The idea of humans teaming up with aliens in a ‘buddy cop’ story isn’t entirely original. Even within the franchise itself, there was X-com: Apocalypse where already was a city similar to City 31. Sure, the focus of the story was on invasion from another dimension, but just like in Chimera Squad you could hire human-sectoid hybrids if you needed some powerful psionics. Though you had to be on good terms with the mutant community.

Alien Nation

And that actually makes this plot to be a logical continuation of XCOM2. After the fall of ADVENT, Earth was left filled with its tech, bases, and remains of the troops. Thus a new government was left with essentially two options – either try to destroy everything, wasting resources, so needed for the restoration of humanity. Or put alien legacy to good use. Which included the agenda of making aliens new productive members of society.

The story itself isn’t anything fancy – you just investigate three crime syndicates to learn who is responsible for killing the last City 31 mayor. There are of course a few high tension moments, but where narrative really shines is the banter between your characters.

Yes, now instead of randomly generated recruits, you have a pool of handcrafted agents with backstory, distinct personalities, and even relationships. There is definitely some history between a viper named Torque and Whisper – your ordinary human stuff manager. Though sectoid-human hybrid Verge is my personal favorite with his demeanor and occasional attempts at humor.

In addition, sometimes you can listen to the City 31 news that shows little bits of how people there live and what is their main concern. There can be everything, from a debate about ethics in the use of psy-dampeners to the advertising of alien cuisine. From time to time you even get an opinion on your own actions.

Props to the game writers, btw – as they tried to show the story from different points of view. And (unlike developers of some other games) didn’t try to depict one single group of people as the source of all evil in the world. My only nitpick would be the redesign of some aliens, who were clearly made more human-like to look more sympathetic. Sometimes if you try people to like something too hard that backfires.

Welcome to City 31…

As for the gameplay, it is essentially XCOM on a reduced scale – instead of the Earth globe, there is a city map with nine districts where you send your squad to accomplish missions. There are also other jobs for your agents that don’t require combat – speeding up research, doing some intel gathering in the city. At first, you wouldn’t have enough people to do all, but in the late game, there will be enough. You’ll even have to leave some of the agents idle.

Overmap

At several points in the game you must make a choice, where to focus the investigation. Depending on that you’ll get slightly different missions and (more importantly) different enhancements for your enemies. It looks a bit game-like – pick a path just because the script said so – but it gets the job of diversifying the walkthrough challenge done.
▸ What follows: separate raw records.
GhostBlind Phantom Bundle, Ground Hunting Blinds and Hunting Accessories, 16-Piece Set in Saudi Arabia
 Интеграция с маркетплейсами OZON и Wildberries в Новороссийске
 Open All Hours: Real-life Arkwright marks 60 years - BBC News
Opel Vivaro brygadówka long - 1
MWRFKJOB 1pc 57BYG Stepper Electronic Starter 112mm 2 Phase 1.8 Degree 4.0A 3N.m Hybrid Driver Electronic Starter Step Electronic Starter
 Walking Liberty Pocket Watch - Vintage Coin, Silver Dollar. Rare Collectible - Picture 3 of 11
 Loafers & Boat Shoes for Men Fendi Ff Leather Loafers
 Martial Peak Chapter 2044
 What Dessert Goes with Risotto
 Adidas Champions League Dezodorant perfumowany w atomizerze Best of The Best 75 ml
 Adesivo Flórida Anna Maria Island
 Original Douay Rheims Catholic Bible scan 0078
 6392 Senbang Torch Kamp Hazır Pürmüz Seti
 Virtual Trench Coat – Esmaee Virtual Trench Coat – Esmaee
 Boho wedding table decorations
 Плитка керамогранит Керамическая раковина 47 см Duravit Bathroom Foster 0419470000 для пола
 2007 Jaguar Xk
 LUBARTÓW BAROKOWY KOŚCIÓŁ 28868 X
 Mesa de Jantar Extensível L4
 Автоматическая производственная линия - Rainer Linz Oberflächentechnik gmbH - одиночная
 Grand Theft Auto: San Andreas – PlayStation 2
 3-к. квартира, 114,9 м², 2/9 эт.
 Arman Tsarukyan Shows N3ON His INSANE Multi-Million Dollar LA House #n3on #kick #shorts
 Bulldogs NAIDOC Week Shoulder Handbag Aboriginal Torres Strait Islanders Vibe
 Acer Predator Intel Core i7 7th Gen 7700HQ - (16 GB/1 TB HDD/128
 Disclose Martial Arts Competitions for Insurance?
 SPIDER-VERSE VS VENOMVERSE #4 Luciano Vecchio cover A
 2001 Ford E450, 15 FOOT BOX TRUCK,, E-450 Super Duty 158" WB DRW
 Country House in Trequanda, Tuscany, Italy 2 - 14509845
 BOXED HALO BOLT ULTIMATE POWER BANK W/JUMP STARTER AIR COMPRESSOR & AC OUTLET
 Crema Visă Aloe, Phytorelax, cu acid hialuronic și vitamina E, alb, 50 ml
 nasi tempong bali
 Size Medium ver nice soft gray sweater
Just like in XCOM each day situation progresses to worse. Or at least supposed to. You have only one team and thus have to choose one mission of many. And the ones ignored will result in people’s anger. Unrest in city districts leads to city-wide anarchy. High anarchy leads to game over.

Though there are quite a few instruments – mainly so-called field teams – that allow decreasing anarchy level. Unless you really mess up, you’ll be able to keep tension bar far below a critical level.

Final Conflict

Tactical battles are probably the most changed aspect of the game. For starters, you aren’t allowed to lose them. If any of your characters is bled out or you failed one of mission objective – it’s game over. Thus there is more adrenaline, more stakes in each fight. Though on the other hand the element of a tactical retreat is gone, and not everyone will like that.

Also, not everyone will like combatants now moving one by one in a fixed sequence. Yes, there are some abilities that allow you to make your move earlier in the ‘timeline’ or push the enemy to later. But in general that leads to less freedom.

XCOM 3

Though missions are still engaging and present many different objectives. Escort VIP, protect or destroy some device, survive several waves of reinforcements. There are often special conditions or optional rewards. Maps aren’t big, but each mission can include up to three encounters.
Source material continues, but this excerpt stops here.